By Stephen Markley on August 11, 2009
As soon as GM launched its now-ubiquitous marketing campaign trumpeting the Chevy Volt’s 230 mpg city mileage, the EPA — you know, the organization that actually measures a car’s fuel economy numbers — was quick to release a statement saying the 230 mpg figure was not EPA-approved.
The EPA will not test the Volt for a while, but GM has said it stands by the methodology it used to come up with 230 mpg. Basically, the city mileage will depend on how often the driver plugs in to recharge. Some drivers may never touch the gasoline engine, while others might not get a chance to recharge at all. GM took the average of these two extremes to come up with 230 mpg.

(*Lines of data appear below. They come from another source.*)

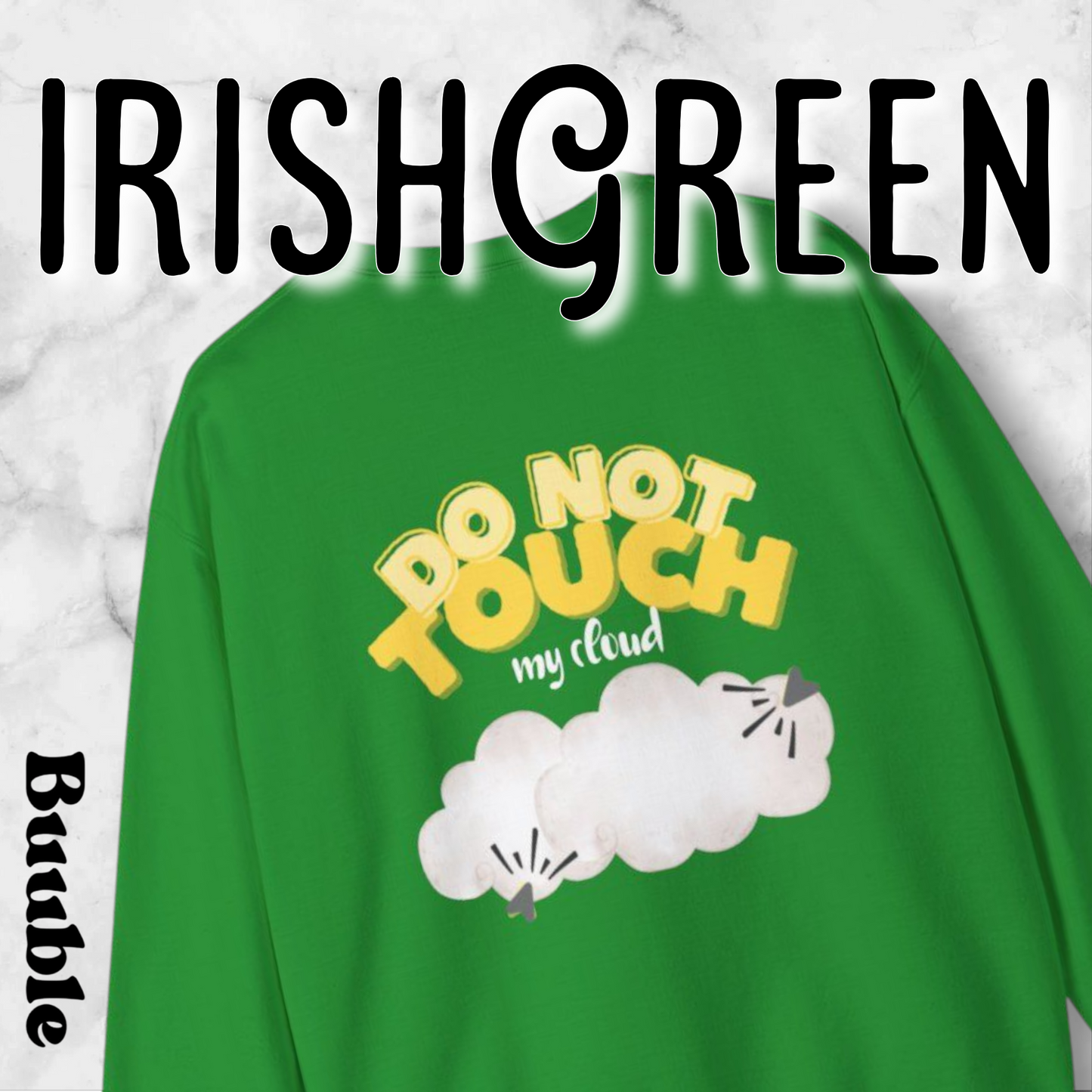 Do Not Touch My Cloud – Buuble Sweatshirt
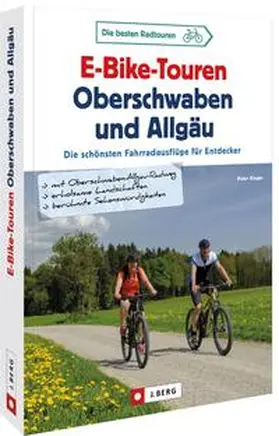 Rieger / Link |  E-Bike-Touren Oberschwaben und Allgäu | Buch |  Sack Fachmedien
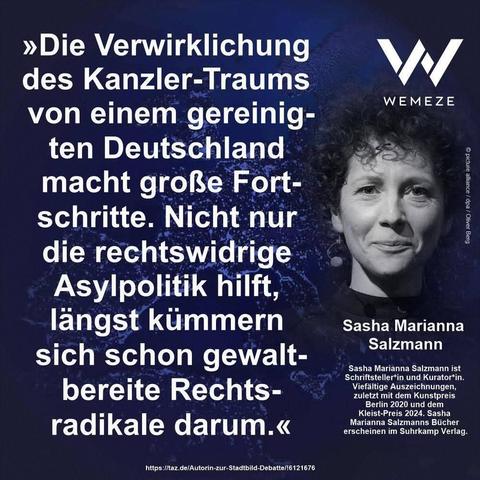 Blauer Hintergrund mit s/w Foto von Sasha Marianna Salzmann 
Und Zitat:>>Die Verwirklichung des Kanzler Traums von einem gereinig ten Deutschland macht große Fortschritte. Nicht nur die rechtswidrige Asylpolitik hilft, längst kümmern sich schon gewalt-
bereite Rechts-
radikale darum.<<

Sasha Marianna Salzmann

Ein Bild von Wemeze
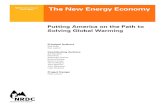 NRDC: The New Energy Economy (pdf) · The New Energy Economy: Putting America on the Path to Solving Global Warming About NRDC NRDC (Natural Resources Defense Council) is a national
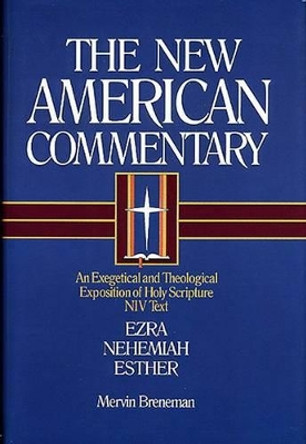 NAC - Ezra, Nehemiah, Esther: An Exegetical and Theological Exposition of Holy Scripture by Mervin Breneman 9780805401103
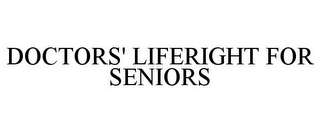 DOCTORS' LIFERIGHT FOR SENIORS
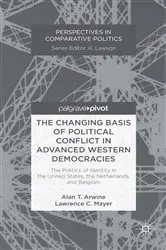 Book cover of The Changing Basis of Political Conflict in Advanced Western Democracies by A. Arwine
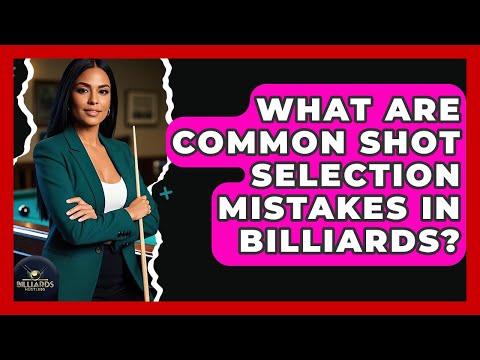 What Are Common Shot Selection Mistakes In Billiards? - Billiards Hustlers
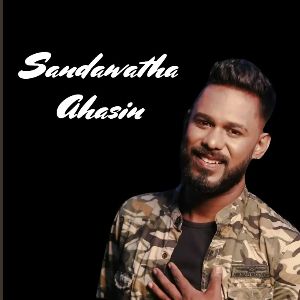 Sandawatha Ahasin Watila mp3 Download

Obviously, once the EPA decides how it will calculate figures for plug-in hybrids and electric cars, this number could change, but GM seems confident it will not disappoint customers or Volt fans by touting 230 mpg in a massive marketing campaign.
This begs the question, does GM risk a backlash if EPA findings lead to a drastically lower mileage number? What if the Volt’s city mileage turns out to be 120 mpg? This would be incredibly impressive, yet it would also leave GM with egg on its face after having hyped the higher number and sent expectations soaring.
Needless to say, we and every other car blog eagerly await the Volt’s EPA testing.